(Source data)

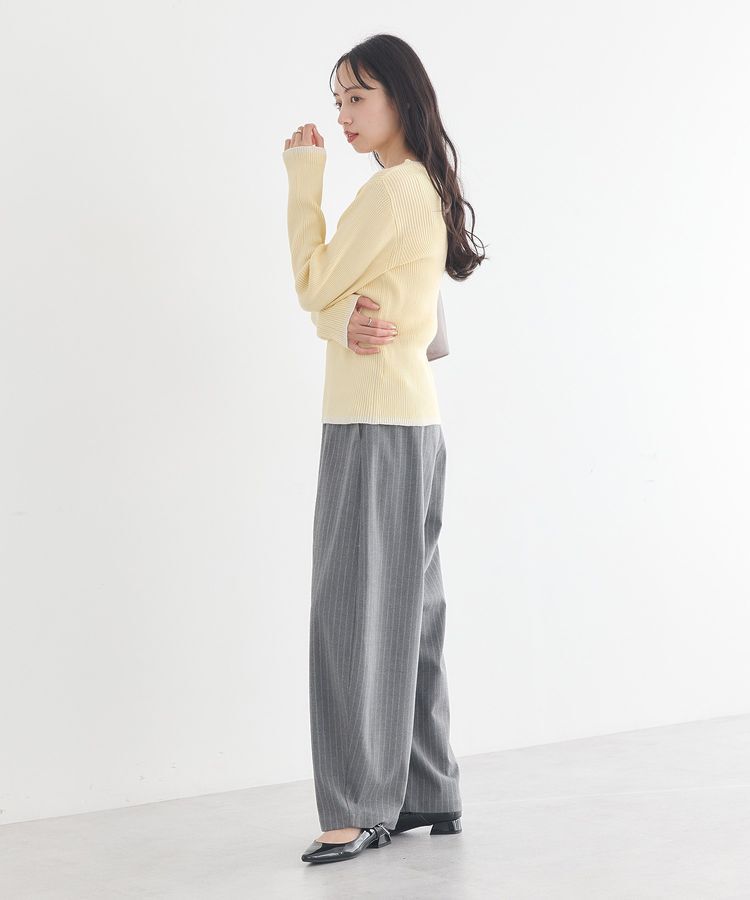 earth music&ecology「バイカラーヘンリーネックニットプルオーバー」|ニット・セーター|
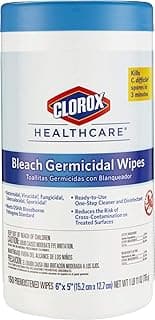 Clorox Healthcare Bleach Germicidal Wipes, 6" x 5", 150 Count Canister (Package May Vary)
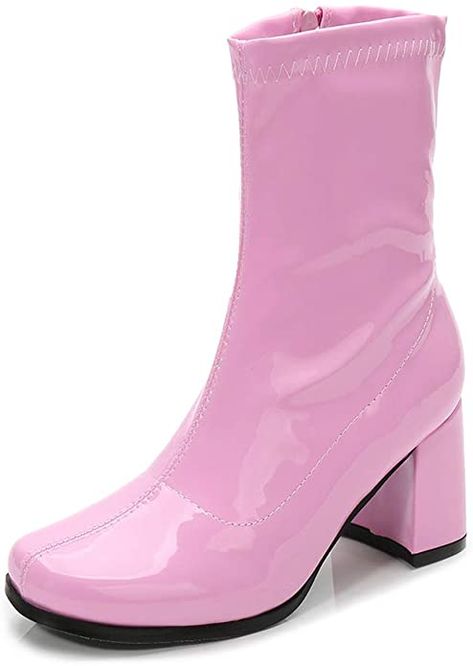 White Gogo Boots, Go Go Boots, Boots Mid Calf, Short Booties, Red Booties, Gogo Boots, Block Heel Ankle Boots, Pink Bling, Zipper Boots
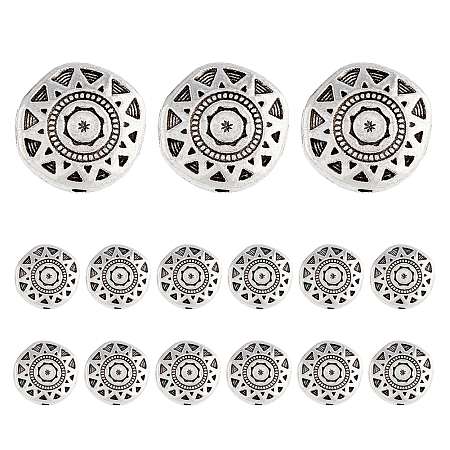 DICOSMETIC 60Pcs Tibetan Style Alloy Beads, Flat Round with Sun Pattern, Antique Silver, 12.5x12.5x3.5mm, Hole: 1.2mm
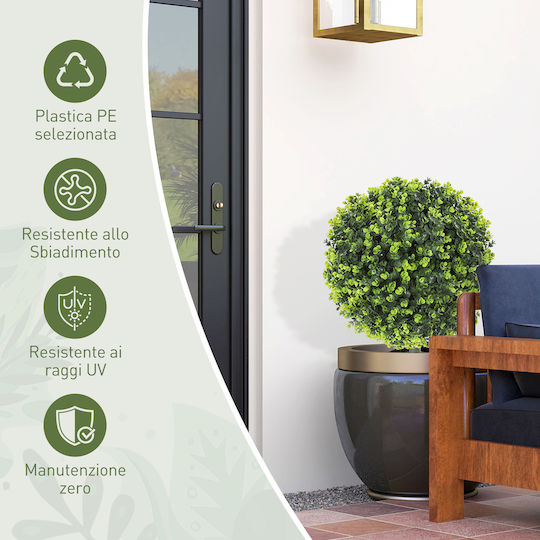 Homcom Set of 2 Artificial Plants Artificial Buxus Balls Base for Indoor Outdoor Spaces UV Resistant Green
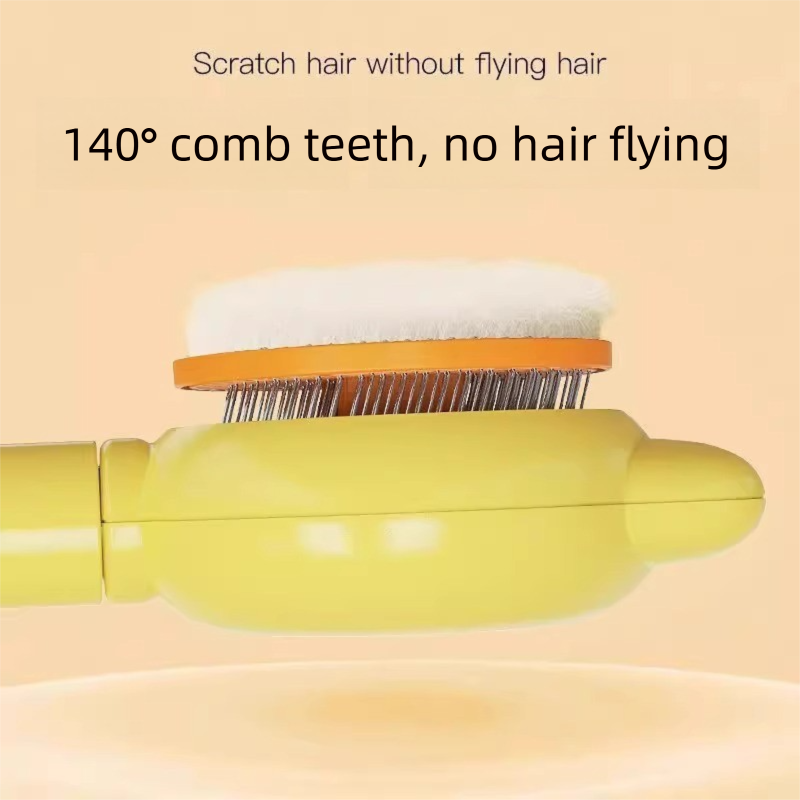 2 Pcs Pink Pet Self-Cleaning Slicker Brush for Cats and Dogs - Rabbit Ear Design with Stainless Steel Needles and ABS Handle - Gentle Deshedding and Massage Tool for Long Hair Breeds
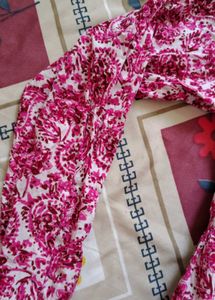 Pink Paisley Print Peplum kurti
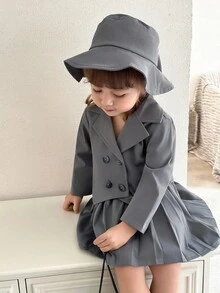 SHEIN 3pcs/Set Baby Girl British Style Grey Jacket Outfit - Double-Breasted Blazer, Pleated Skirt, And Hat Fall Winter - Grey - View 4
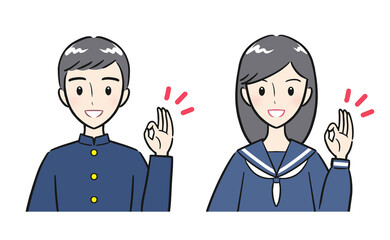 OKサインをする男子中学生・女子中学生セット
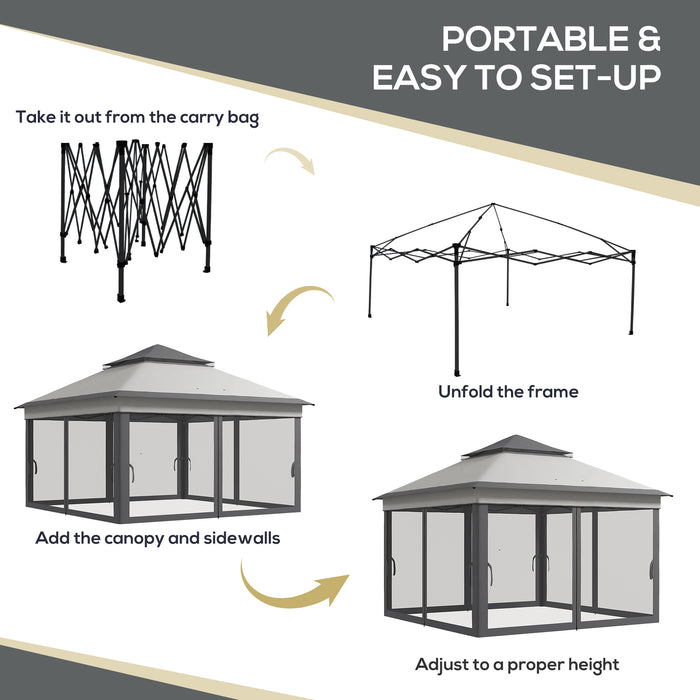 Height Adjustable 3x3m Pop-Up Gazebo with Netting - Easy Setup Outdoor Event Shelter, Grey - Includes Carrying Bag for Portability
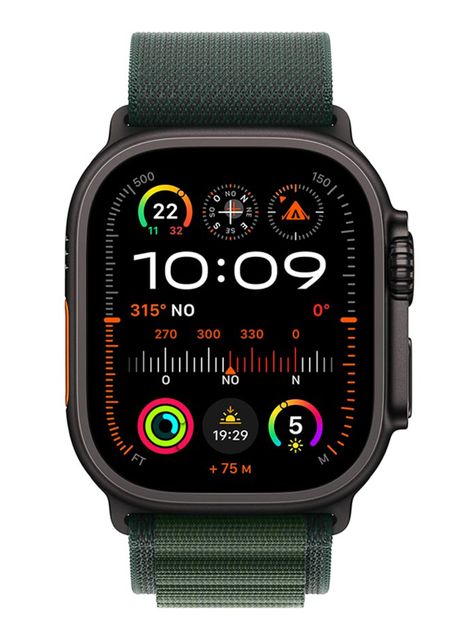 Apple Watch Ultra 2 GPS + Cellular Caja Titanio Negro 49 mm Correa Loop Alpine Verde Oscuro Talla M-1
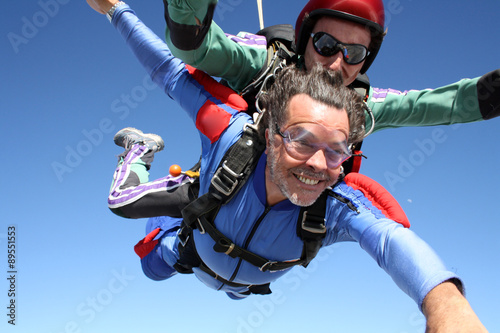 Skydiving tandem senior man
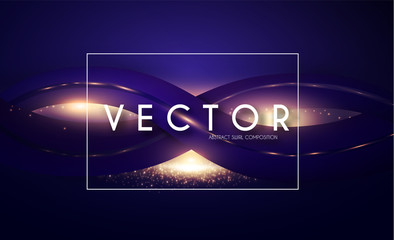 Abstract Backrgound with 3D Elements and Gold Light Effect.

(End Source data)

Task statement: Without the pictures, reproduce the entries exactly.

Exercise output:
 earth music&ecology「バイカラーヘンリーネックニットプルオーバー」|ニット・セーター|
 Clorox Healthcare Bleach Germicidal Wipes, 6" x 5", 150 Count Canister (Package May Vary)
 White Gogo Boots, Go Go Boots, Boots Mid Calf, Short Booties, Red Booties, Gogo Boots, Block Heel Ankle Boots, Pink Bling, Zipper Boots
 DICOSMETIC 60Pcs Tibetan Style Alloy Beads, Flat Round with Sun Pattern, Antique Silver, 12.5x12.5x3.5mm, Hole: 1.2mm
 Homcom Set of 2 Artificial Plants Artificial Buxus Balls Base for Indoor Outdoor Spaces UV Resistant Green
 2 Pcs Pink Pet Self-Cleaning Slicker Brush for Cats and Dogs - Rabbit Ear Design with Stainless Steel Needles and ABS Handle - Gentle Deshedding and Massage Tool for Long Hair Breeds
 Pink Paisley Print Peplum kurti
 SHEIN 3pcs/Set Baby Girl British Style Grey Jacket Outfit - Double-Breasted Blazer, Pleated Skirt, And Hat Fall Winter - Grey - View 4
 OKサインをする男子中学生・女子中学生セット
 Height Adjustable 3x3m Pop-Up Gazebo with Netting - Easy Setup Outdoor Event Shelter, Grey - Includes Carrying Bag for Portability
 Apple Watch Ultra 2 GPS + Cellular Caja Titanio Negro 49 mm Correa Loop Alpine Verde Oscuro Talla M-1
 Skydiving tandem senior man
 Abstract Backrgound with 3D Elements and Gold Light Effect.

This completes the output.